Source: British Government’s ‘Gaslighting’ Report on Racism Says Slavery Had Some Upsides

CDC: COVID-19 Was 3rd Leading Cause Of Death In 2020, People Of Color Hit Hardest

More confirmation of COVID-19 racial disparities:

COVID-19 was the third-underlying cause of death in 2020 after heart disease and cancer, the Centers for Disease Control and Prevention confirmed on Wednesday.

A pair of reports published in the CDC’s Morbidity and Mortality WeeklyReport sheds new light on the approximately 375,000 U.S. deaths attributed to COVID-19 last year, and highlights the pandemic’s disproportionate impact on communities of color — a point CDC Director Rochelle Walensky emphasized at a White House COVID-19 Response Team briefing on Wednesday.

She said deaths related to COVID-19 were higher among American Indian and Alaskan Native persons, Hispanics, Blacks and Native Hawaiian and Pacific Islander persons than whites. She added that “among nearly all of these ethnic and racial minority groups, the COVID-19 related deaths were more than double the death rate of non-Hispanic white persons.”

“The data should serve again as a catalyst for each of us [to] continue to do our part to drive down cases and reduce the spread of COVID-19, and get people vaccinated as soon as possible,” she said.

The reports examine data from U.S. death certificates and the National Vital Statistics System to draw conclusions about the accuracy of the country’s mortality surveillance and shifts in mortality trends.

One found that the age-adjusted death rate rose by 15.9% in 2020, its first increase in three years.

Overall death rates were highest among Black and American Indian/Alaska Native people, and higher for elderly people than younger people, according to the report. Age-adjusted death rates were higher among males than females.

COVID-19 was reported as either the underlying cause of death or a contributing cause of death for some 11.3% of U.S. fatalities, and replaced suicide as one of the top 10 leading causes of death.

Similarly, COVID-19 death rates were highest among individuals ages 85 and older, with the age-adjusted death rate higher among males than females. The COVID-19 death rate was highest among Hispanic and American Indian/ Alaska Native people.

Researchers emphasized that these death estimates are provisional, as the final annual mortality data for a given year are typically released 11 months after the year ends. Still, they said early estimates can give researchers and policymakers an early indication of changing trends and other “actionable information.”
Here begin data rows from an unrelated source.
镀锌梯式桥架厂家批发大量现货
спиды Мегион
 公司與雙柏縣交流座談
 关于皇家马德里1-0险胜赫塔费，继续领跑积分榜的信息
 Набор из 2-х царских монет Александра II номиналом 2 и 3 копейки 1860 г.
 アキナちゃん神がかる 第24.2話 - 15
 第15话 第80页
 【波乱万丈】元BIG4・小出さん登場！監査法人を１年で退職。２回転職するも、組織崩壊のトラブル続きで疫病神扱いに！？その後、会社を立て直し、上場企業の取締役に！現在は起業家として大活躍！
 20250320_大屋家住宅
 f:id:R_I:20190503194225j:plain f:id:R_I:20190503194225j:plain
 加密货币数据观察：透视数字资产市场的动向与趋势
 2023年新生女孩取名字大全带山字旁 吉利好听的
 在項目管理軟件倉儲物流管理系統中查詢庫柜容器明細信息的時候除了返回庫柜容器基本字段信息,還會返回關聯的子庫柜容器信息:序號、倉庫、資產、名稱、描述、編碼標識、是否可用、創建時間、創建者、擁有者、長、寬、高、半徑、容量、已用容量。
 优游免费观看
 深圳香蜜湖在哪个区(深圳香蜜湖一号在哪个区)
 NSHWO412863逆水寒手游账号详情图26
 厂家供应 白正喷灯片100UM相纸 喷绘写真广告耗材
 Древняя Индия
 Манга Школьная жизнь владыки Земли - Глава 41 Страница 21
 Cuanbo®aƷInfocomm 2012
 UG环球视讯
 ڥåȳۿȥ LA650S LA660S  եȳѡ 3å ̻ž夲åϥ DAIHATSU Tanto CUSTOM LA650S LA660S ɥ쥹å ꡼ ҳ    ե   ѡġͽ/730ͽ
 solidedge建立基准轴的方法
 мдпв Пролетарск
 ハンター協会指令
“These data can guide public health policies and interventions aimed at reducing numbers of deaths that are directly or indirectly associated with the COVID-19 pandemic and among persons most affected, including those who are older, male, or from disproportionately affected racial/ethnic minority groups,” they added.

The other study examined 378,048 death certificates from 2020 that listed COVID-19 as a cause of death. Researchers said their findings “support the accuracy of COVID-19 mortality surveillance” using official death certificates, noting the importance of high-quality documentation and countering concerns about deaths being improperly attributed to the pandemic.

Among the death certificates reviewed, just 5.5% listed COVID-19 and no other conditions. Among those that included at least one other condition, 97% had either a co-occurring diagnosis of a “plausible chain-of-event” condition such as pneumonia or respiratory failure, a “significant contributing” condition such as hypertension or diabetes, or both.

“Continued messaging and training for professionals who complete death certificates remains important as the pandemic progresses,” researchers said. “Accurate mortality surveillance is critical for understanding the impact of variants of SARS-CoV-2, the virus that causes COVID-19, and of COVID-19 vaccination and for guiding public health action.”

Officials at the Wednesday briefing continued to call on Americans to practice mitigation measures and do their part to keep themselves and others safe, noting that COVID-19 cases continue to rise even as the country’s vaccine rollout accelerates.

The 7-day average of new cases is just under 62,000 cases per day, Walensky said, marking a nearly 12% increase from the previous 7-day period. Hospitalizations are also up at about 4,900 admissions per day, she added, with the 7-day average of deaths remaining slightly above 900 per day.

Dr. Celine Gounder, an infectious disease specialist at New York University who served as a COVID-19 adviser on the Biden transition team, told NPR’s Morning Edition on Wednesday that she remains concerned about the rate of new infections, even as the country has made considerable progress with its vaccination rollout.

She compared vaccines to a raincoat and an umbrella, noting they provide protection during a rainstorm but not in a hurricane

“And we’re really still in a COVID hurricane,” Gounder said. “Transmission rates are extremely high. And so even if you’ve been vaccinated, you really do need to continue to be careful, avoid crowds and wear masks in public.”

Source: CDC: COVID-19 Was 3rd Leading Cause Of Death In 2020, People Of Color Hit Hardest

Nicholas: La honte [history of France’s suppression of minority languages and related issues]

Refreshing reminder of history and its impact:

On prend rarement le temps, au Québec, de rappeler qu’il n’y a pas si longtemps que tous les Français parlent français.

C’est que l’Europe s’est développée au Moyen Âge comme un ensemble de royaumes aux frontières instables, et donc les monarques se mariaient entre eux, évoluant dans un univers culturel et linguistique à part de populations très diversifiées. Et la France ne fait pas exception. L’occitan, le catalan, le breton, le picard, l’alsacien, le basque ne sont que quelques-unes des langues autochtones de la France, parlées comme langues maternelles et souvent comme seules langues de bien des sujets de la France de l’Ancien Régime, dans l’indifférence quasi totale de la monarchie. Ce qui importait au pouvoir politique des rois qui ont administré notamment la Nouvelle-France, c’était surtout que le français soit normé et imposé comme langue de l’État et de l’administration pour supplanter le latin, et donc le pouvoir de l’Église.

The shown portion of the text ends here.